The required output is every line from the one containing "aalam_ansari332" through the last line of the listing below, copied exactly, pictures excluded.

*** MATERIAL FOR THIS TASK ***

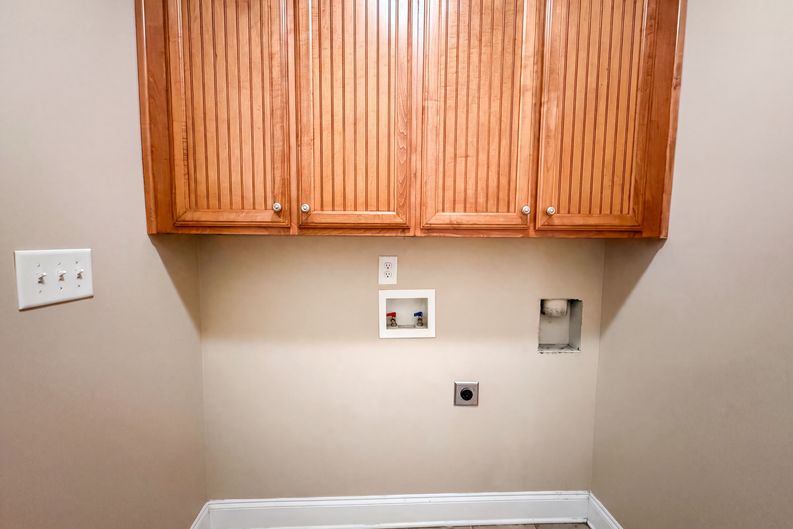Photo 22 of 28 of 2983 Boulder Walk Ct SE, Atlanta, GA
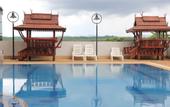 Туры в отель M Hotel Danok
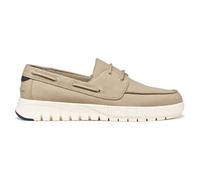 Geox Sneaker Flextride B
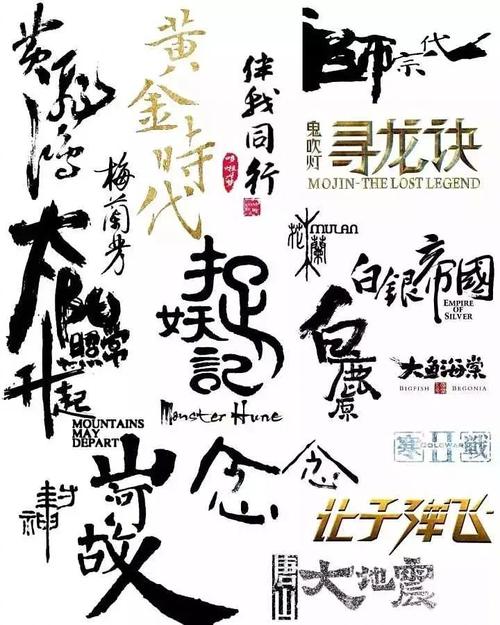 金士顿大学diploma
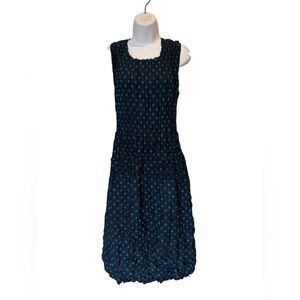 Alquema Smash Pocket Dress Size 2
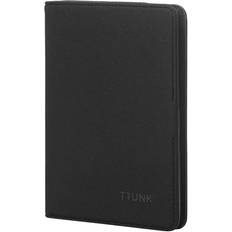 Kindle 2019 Trunk Kindle Paperwhite 4 (2020 / 2019 / 2018) Trunk Neoprene Cover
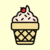 jeongh0on :iconjeongh0on:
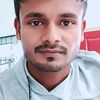 aalam_ansari332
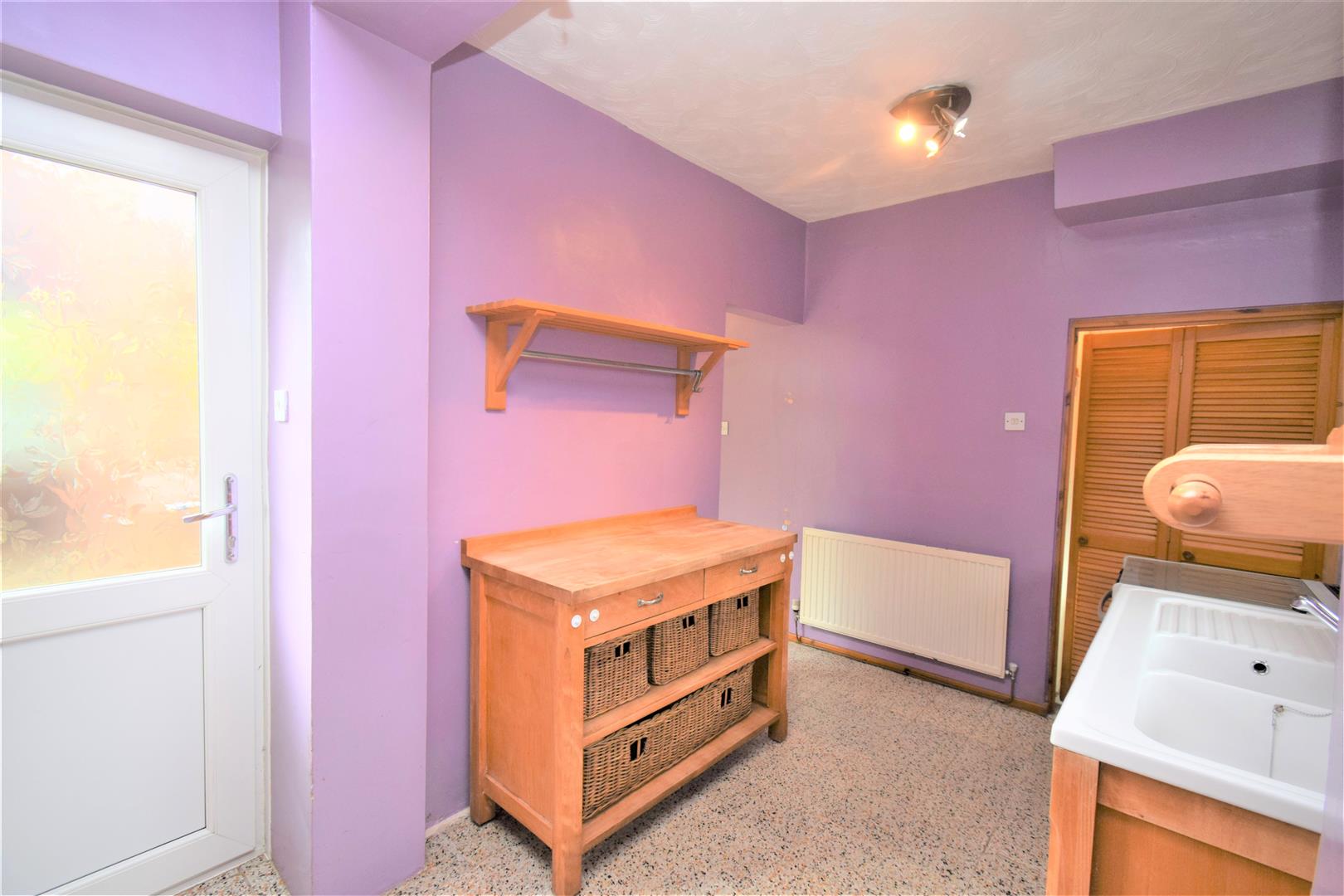 Photos of Dobb Brow Road, Westhoughton, Bolton BL5 65114749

*** End of MATERIAL FOR THIS TASK ***

= TASK OUTPUT =
 aalam_ansari332
 Photos of Dobb Brow Road, Westhoughton, Bolton BL5 65114749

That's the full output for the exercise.